Une fuite de données touchant 36,8 millions de personnes

Dans un communiqué, la CNIL a condamné France Travail à une amende administrative de 5 millions d’euros pour une fuite massive de données personnelles.

Les faits remontent à mars 2024, lorsqu’un groupe de pirates est parvenu à extraire des informations issues d’une base de données de l’opérateur, alors encore récemment issu de la transformation de Pôle Emploi.

Les données concernées couvrent un périmètre particulièrement large, avec les noms, les prénoms, les numéros de Sécurité sociale, les identifiants France Travail, les adresses e-mail et postales, ainsi que numéros de téléphone.

Si l’incident visait initialement jusqu’à 43 millions de personnes inscrites sur les vingt dernières années, le nombre a finalement été ramené à 36,8 millions après élimination des doublons.

Selon la CNIL, l’ampleur de la population exposée, combinée à la nature sensible des informations concernées, a pesé lourd dans la décision. Même si certaines données comme les dossiers complets ou les informations médicales n’ont pas été compromises, la fuite reste l’une des plus significatives jamais observées dans le secteur public français.

Des failles liées à un partenaire et à l’authentification

L’enquête menée par la CNIL met en cause un enchaînement de faiblesses techniques et organisationnelles.

Les attaquants ont utilisé des techniques d’ingénierie sociale pour usurper les comptes de conseillers de Cap Emploi, structures partenaires chargées de l’accompagnement des personnes en situation de handicap.
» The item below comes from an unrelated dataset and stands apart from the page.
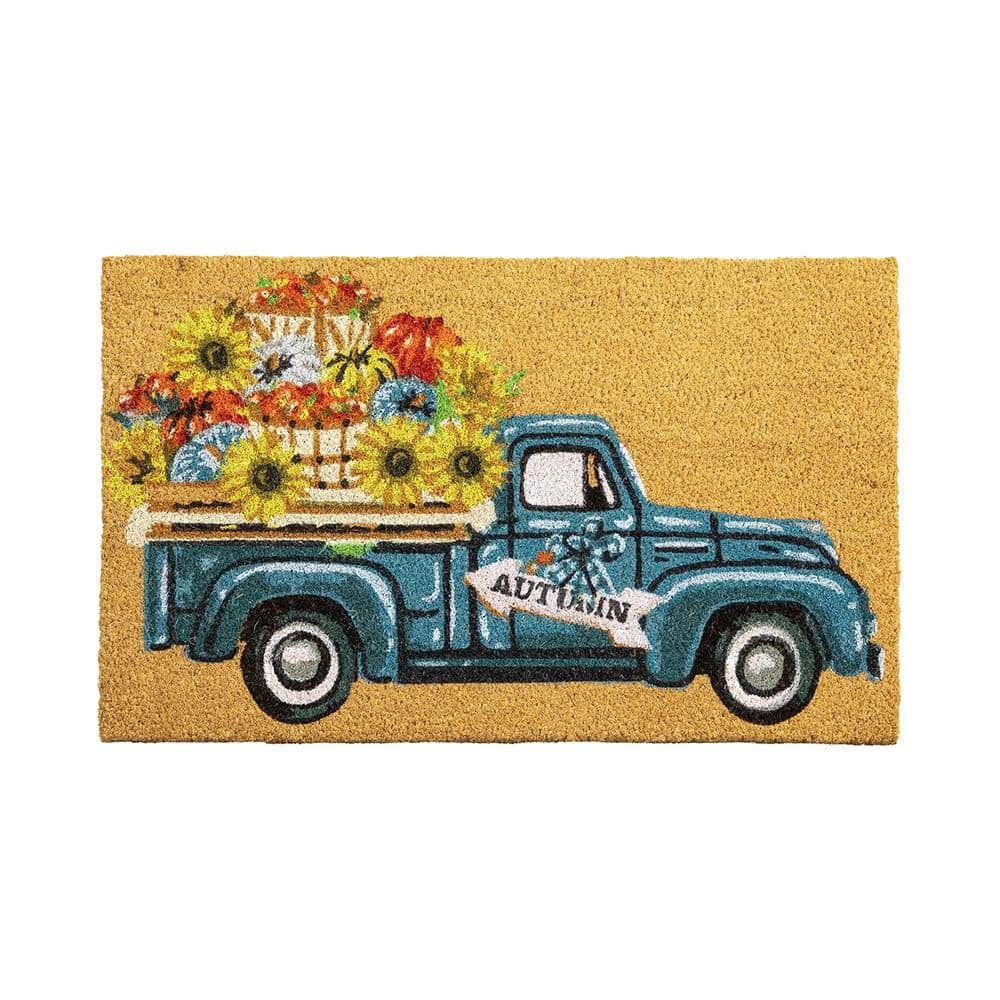 Sunflower Truck Multicolor 18 in. x 30 in. Coir Halloween Outdoor Doormat price history on PriceWatchPro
Ces comptes donnaient accès aux systèmes d’information de France Travail dans le cadre d’un partenariat établi entre les deux organismes.

Ainsi, le régulateur souligne que les mécanismes d’authentification n’étaient pas suffisamment robustes, notamment en autorisant jusqu’à 50 tentatives de mots de passe avant le blocage d’un compte. Les habilitations d’accès étaient également jugées trop larges, permettant de consulter des dossiers sans lien direct avec les missions des conseillers concernés. À cela s’ajoute une supervision insuffisante des accès, limitant la détection de comportements anormaux.
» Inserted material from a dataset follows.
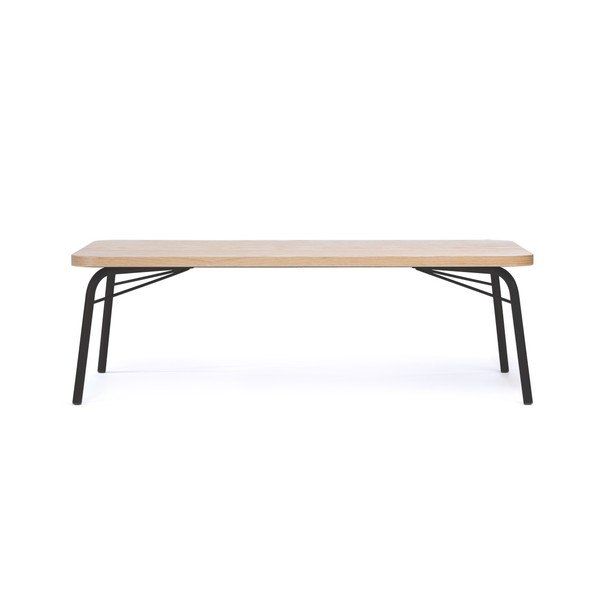 Stol za kavu s crnim nogama Woodman Ashburn-image-2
A ce titre, la CNIL rappelle que l’article 32 du RGPD impose une obligation de moyens en matière de sécurité, adaptée aux risques identifiés. Dans ce dossier, France Travail avait pourtant formalisé plusieurs mesures de protection dans ses analyses internes, sans les déployer au moment des faits.

Une injonction assortie d’astreintes financières

Au delà de l’amende, la décision s’accompagne d’injonctions précises, et France Travail doit justifier de la mise en conformité de sa politique de mots de passe et renforcer les restrictions d’accès pour les conseillers de Cap Emploi.
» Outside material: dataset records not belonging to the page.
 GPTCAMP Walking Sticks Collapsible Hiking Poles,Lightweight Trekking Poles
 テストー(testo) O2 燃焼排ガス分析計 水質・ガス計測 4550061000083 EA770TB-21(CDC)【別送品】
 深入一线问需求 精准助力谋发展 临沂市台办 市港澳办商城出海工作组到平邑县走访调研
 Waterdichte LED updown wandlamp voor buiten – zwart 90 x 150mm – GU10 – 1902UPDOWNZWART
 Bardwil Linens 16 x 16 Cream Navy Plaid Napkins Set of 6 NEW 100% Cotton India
En cas de retard, une astreinte de 5 000 euros par jour pourra s’appliquer après un délai d’un mois suivant la notification officielle.

Dans un communiqué de France Travail, l’opérateur public dit reconnaître la gravité des faits, tout en regrettant la sévérité de la sanction, d’autant plus que des mesures correctrices ont été prises comme la généralisation de la double authentification, mise en place avant même la décision de la CNIL.